Cynthia Lewis Lagdameo, Charles Webb, Jul 14, 2011
Pricing has never been more complex for companies operating across national borders. In addition to considerations arising from local supply and demand conditions and factors such as national tax laws and exchange rates, companies operating internationally must also take into account the potential effects that different countries’ competition laws may have on their pricing practices. And over the past two decades, competition laws have proliferated to more than one hundred countries around the world, from micro-states such as Jersey and the Faroe Islands to rising economic superpowers such as Brazil, India and China.
The competition laws in virtually all of these countries potentially apply to the unilateral pricing conduct of firms found to have a dominant position. The standards for judging pricing conduct-such as loyalty or bundled discounts, predatory pricing, excessive pricing, margin or price squeezes, and discriminatory pricing-differ across jurisdictions, sometimes substantially. Even standards within individual jurisdictions can be unsettled or in a state of transition. Likely in no other area of competition law are standards so unsettled.

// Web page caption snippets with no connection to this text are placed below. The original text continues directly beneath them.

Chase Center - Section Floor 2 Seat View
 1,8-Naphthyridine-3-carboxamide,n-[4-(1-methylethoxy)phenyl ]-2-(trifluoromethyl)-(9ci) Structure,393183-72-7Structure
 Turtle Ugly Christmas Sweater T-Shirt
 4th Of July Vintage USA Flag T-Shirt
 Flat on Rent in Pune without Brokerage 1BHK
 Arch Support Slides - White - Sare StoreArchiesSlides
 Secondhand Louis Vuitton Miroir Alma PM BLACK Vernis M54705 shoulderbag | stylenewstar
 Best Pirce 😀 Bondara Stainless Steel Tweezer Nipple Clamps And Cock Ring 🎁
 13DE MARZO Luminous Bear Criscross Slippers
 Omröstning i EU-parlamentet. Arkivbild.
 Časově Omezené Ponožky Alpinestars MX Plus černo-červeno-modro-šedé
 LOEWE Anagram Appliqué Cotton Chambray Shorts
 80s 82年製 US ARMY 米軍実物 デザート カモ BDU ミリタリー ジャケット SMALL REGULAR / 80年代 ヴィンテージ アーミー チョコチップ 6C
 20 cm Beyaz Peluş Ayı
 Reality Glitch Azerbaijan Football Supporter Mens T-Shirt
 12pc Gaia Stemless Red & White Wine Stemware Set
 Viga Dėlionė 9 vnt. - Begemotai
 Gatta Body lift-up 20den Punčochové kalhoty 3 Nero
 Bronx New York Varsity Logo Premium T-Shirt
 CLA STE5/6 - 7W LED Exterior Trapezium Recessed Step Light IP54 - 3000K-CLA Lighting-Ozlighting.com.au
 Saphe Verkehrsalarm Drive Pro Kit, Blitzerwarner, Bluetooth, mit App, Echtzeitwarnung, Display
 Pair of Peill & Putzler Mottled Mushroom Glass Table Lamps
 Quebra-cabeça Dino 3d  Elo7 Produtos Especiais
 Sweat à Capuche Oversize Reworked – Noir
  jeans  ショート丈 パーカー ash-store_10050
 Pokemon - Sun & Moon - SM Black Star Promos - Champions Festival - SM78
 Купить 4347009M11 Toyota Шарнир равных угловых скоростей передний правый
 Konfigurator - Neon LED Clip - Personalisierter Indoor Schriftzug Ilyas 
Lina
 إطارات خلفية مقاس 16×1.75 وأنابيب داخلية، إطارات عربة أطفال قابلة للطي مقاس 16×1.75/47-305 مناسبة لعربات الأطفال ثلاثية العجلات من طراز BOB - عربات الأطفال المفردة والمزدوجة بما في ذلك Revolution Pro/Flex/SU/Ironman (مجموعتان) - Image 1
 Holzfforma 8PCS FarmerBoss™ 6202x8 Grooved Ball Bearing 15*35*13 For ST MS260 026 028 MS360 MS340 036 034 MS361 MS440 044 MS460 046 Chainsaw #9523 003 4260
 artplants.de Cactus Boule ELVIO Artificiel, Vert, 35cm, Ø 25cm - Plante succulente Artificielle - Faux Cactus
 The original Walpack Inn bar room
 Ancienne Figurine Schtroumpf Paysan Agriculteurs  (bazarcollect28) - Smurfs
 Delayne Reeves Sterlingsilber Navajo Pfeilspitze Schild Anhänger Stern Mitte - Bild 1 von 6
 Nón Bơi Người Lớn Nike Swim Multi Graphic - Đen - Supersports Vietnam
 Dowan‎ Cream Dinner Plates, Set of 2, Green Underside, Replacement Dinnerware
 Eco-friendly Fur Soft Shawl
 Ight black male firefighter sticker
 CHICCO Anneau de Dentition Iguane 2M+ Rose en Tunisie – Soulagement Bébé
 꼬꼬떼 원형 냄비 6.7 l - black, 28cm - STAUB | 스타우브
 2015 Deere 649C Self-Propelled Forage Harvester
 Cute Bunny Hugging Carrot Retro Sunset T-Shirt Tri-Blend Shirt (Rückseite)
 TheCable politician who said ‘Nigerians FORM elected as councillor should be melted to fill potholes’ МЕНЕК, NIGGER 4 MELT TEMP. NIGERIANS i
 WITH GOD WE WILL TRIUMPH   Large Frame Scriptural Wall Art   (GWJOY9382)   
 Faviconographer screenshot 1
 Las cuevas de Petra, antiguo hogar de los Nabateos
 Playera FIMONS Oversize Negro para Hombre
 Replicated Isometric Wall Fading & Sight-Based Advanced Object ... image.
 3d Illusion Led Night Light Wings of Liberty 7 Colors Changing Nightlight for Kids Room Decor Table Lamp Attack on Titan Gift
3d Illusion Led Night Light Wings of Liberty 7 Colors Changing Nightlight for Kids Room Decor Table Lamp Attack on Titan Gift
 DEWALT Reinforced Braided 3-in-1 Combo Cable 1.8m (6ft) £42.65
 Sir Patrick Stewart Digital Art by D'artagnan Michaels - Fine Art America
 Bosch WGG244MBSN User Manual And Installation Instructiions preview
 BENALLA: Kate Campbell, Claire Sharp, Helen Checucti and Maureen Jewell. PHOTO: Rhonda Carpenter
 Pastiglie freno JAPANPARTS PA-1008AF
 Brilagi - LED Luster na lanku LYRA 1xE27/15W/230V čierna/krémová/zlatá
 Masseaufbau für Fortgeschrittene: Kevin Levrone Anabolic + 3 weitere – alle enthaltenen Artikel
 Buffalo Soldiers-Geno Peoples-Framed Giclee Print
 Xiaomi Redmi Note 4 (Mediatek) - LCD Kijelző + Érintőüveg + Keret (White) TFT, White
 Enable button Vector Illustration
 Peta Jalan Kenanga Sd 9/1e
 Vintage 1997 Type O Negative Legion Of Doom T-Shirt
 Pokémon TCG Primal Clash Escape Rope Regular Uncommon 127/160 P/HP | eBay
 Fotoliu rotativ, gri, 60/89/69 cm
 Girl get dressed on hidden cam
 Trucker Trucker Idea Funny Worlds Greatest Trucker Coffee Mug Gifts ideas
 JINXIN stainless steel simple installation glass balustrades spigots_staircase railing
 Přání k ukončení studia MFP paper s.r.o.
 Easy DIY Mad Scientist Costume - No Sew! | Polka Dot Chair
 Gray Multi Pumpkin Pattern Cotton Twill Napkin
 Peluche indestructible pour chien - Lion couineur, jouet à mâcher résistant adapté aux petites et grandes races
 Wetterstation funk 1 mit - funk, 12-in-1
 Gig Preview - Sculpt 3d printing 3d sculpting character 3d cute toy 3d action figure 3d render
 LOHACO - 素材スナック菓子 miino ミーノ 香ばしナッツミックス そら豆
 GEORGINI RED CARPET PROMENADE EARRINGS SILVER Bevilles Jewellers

One of the reasons for the widely differing views on a dominant firm’s pricing conduct is that pro-competitive and anticompetitive behavior often look the same-conduct that may be efficiency enhancing may look the same as conduct that excludes potential entry and forecloses rivals. Virtually all antitrust practitioners would agree that conduct such as competitors agreeing to set prices or divide markets is harmful to consumer welfare and thus must be prohibited. But what about a dominant firm providing discounts or rebates on the sale of its products or services? Consumers and customers, of course, benefit from reduced prices, which are exactly the type of behavior one would expect to see in a competitive market. However, can a dominant firm’s prices be too low-even if not necessarily below its own costs-in a way that results in harm to competition? In such circumstances, how is competitive harm measured?
These types of difficult questions involving a dominant firm’s discounting practices were recently analyzed by members of the Unilateral Conduct Working Group (“UCWG”) at the 10th Annual Conference of the International Competition Network (“ICN”) in The Hague, Netherlands in May 2011. They were analyzed through the use of a hypothetical abuse of dominance case concerning a company called “Cerveja.”